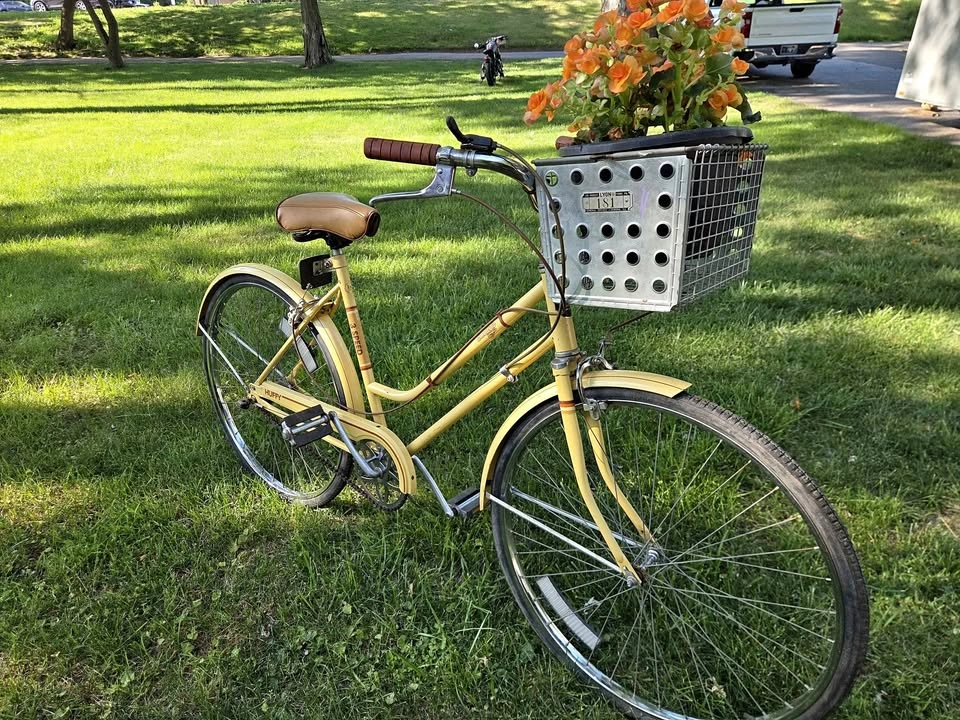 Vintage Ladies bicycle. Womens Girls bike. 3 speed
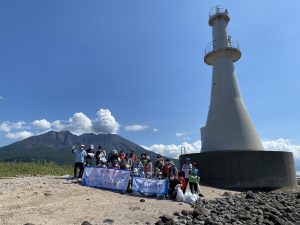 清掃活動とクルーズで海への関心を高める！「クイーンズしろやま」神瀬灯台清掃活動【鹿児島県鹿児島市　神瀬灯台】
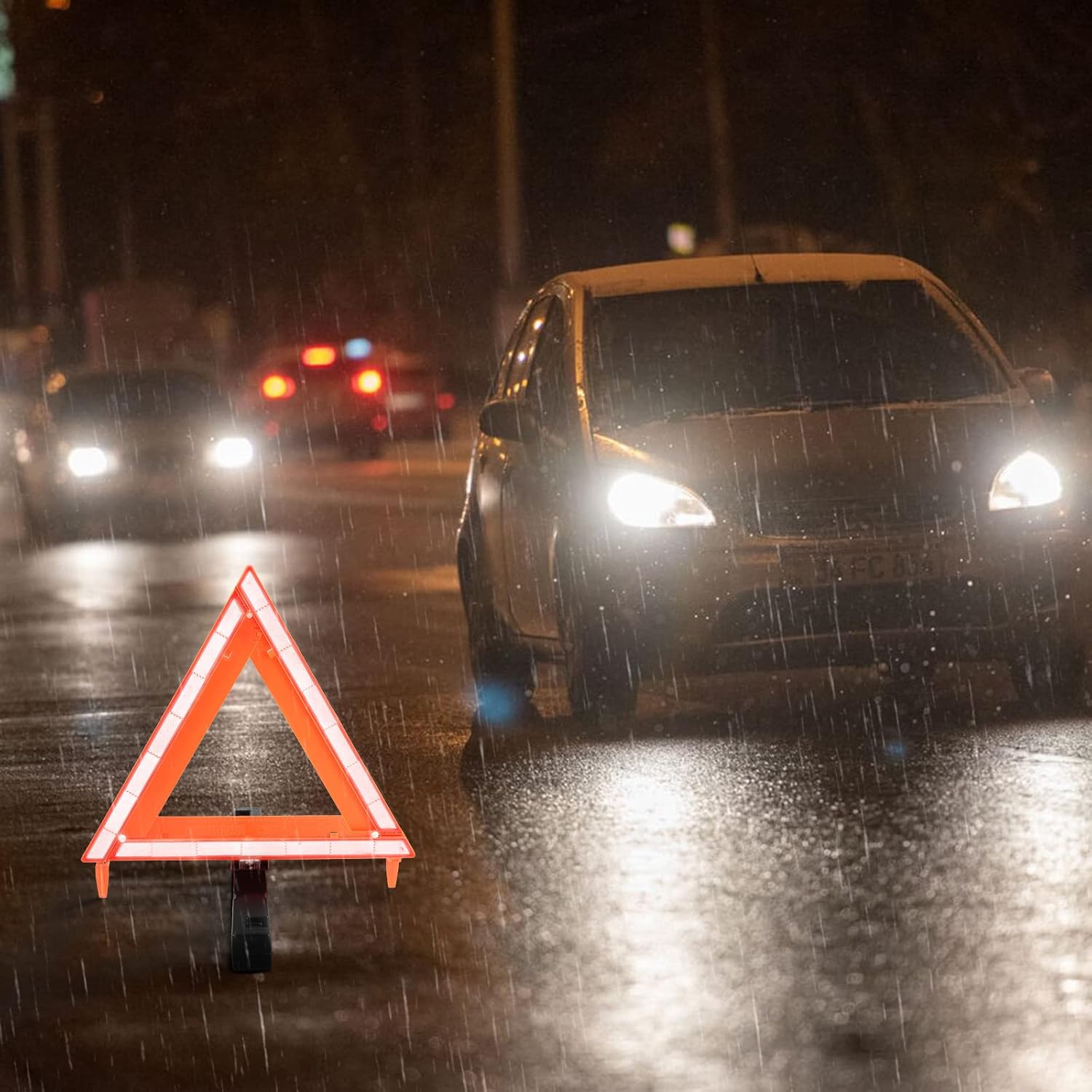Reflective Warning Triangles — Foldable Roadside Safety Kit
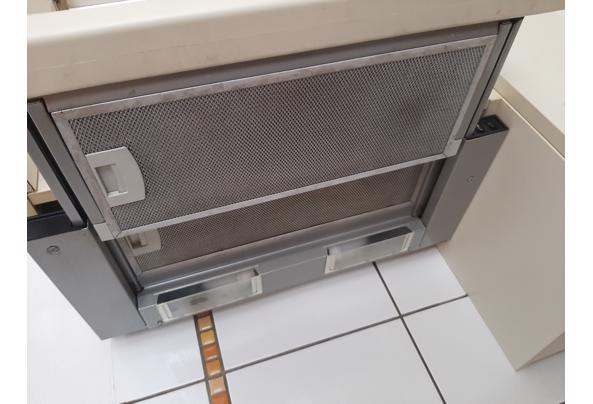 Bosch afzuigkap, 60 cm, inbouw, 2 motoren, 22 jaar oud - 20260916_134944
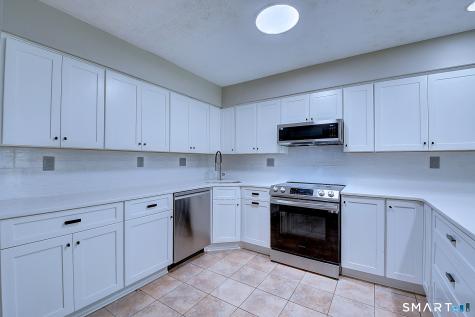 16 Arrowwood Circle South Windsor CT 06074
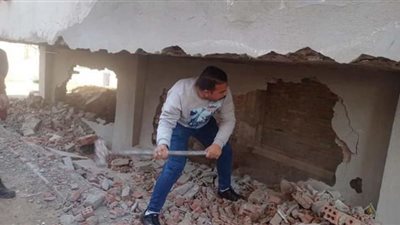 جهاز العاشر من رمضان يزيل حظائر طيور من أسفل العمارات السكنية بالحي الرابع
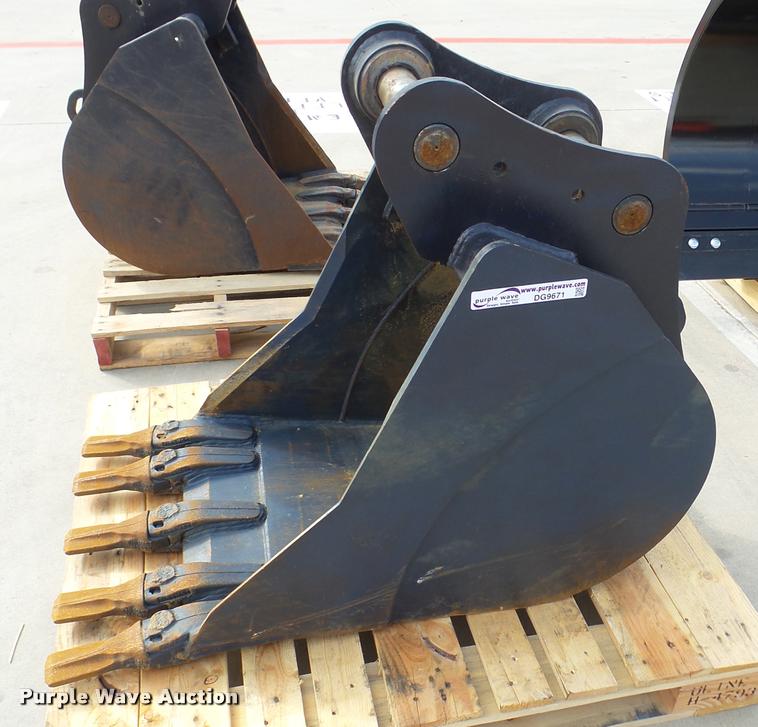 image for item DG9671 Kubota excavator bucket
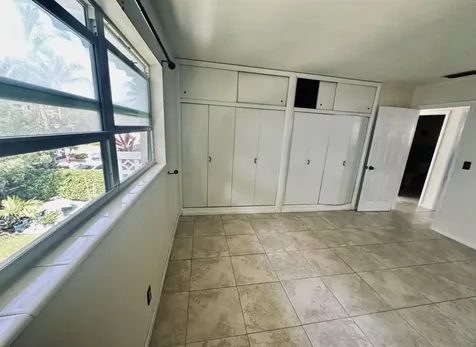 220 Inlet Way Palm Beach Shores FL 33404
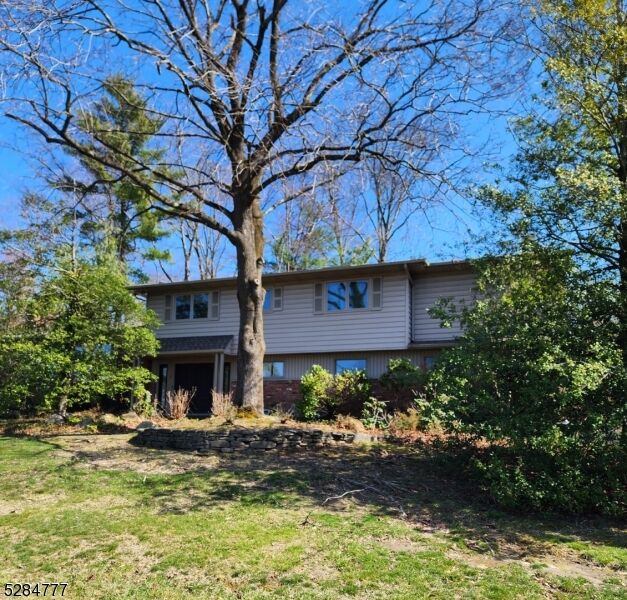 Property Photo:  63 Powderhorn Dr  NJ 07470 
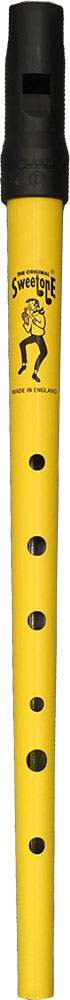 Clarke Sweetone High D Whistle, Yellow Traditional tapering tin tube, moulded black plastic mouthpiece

--

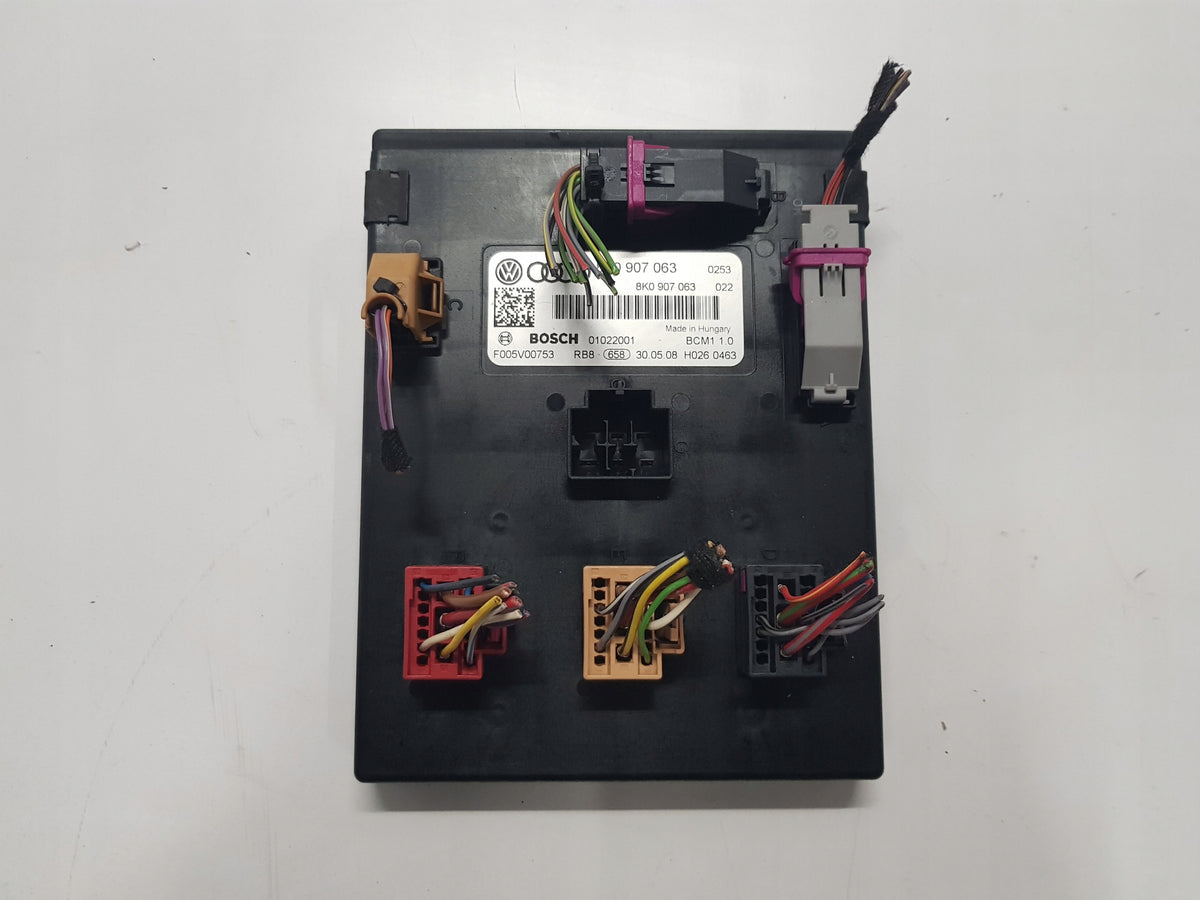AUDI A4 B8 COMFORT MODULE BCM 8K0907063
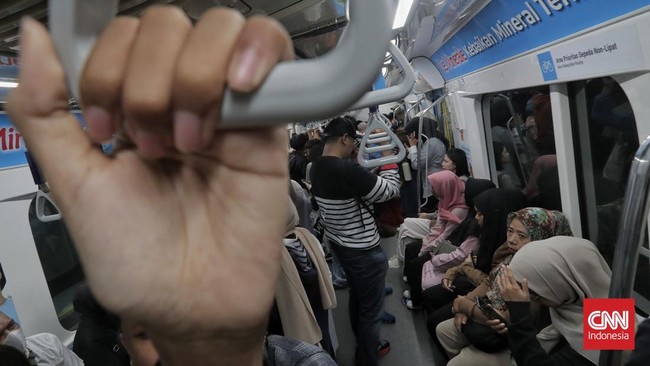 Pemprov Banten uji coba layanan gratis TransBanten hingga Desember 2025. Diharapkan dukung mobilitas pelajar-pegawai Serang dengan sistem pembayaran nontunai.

▸ TASK INSTRUCTIONS
Would you please repeat only the lines above, beginning at the one that has "63 Powderhorn Dr" and stopping after the one that has "Clarke Sweetone High", exactly and with no pictures?

▸ EXERCISE RESULT
 Property Photo:  63 Powderhorn Dr  NJ 07470 
 Clarke Sweetone High D Whistle, Yellow Traditional tapering tin tube, moulded black plastic mouthpiece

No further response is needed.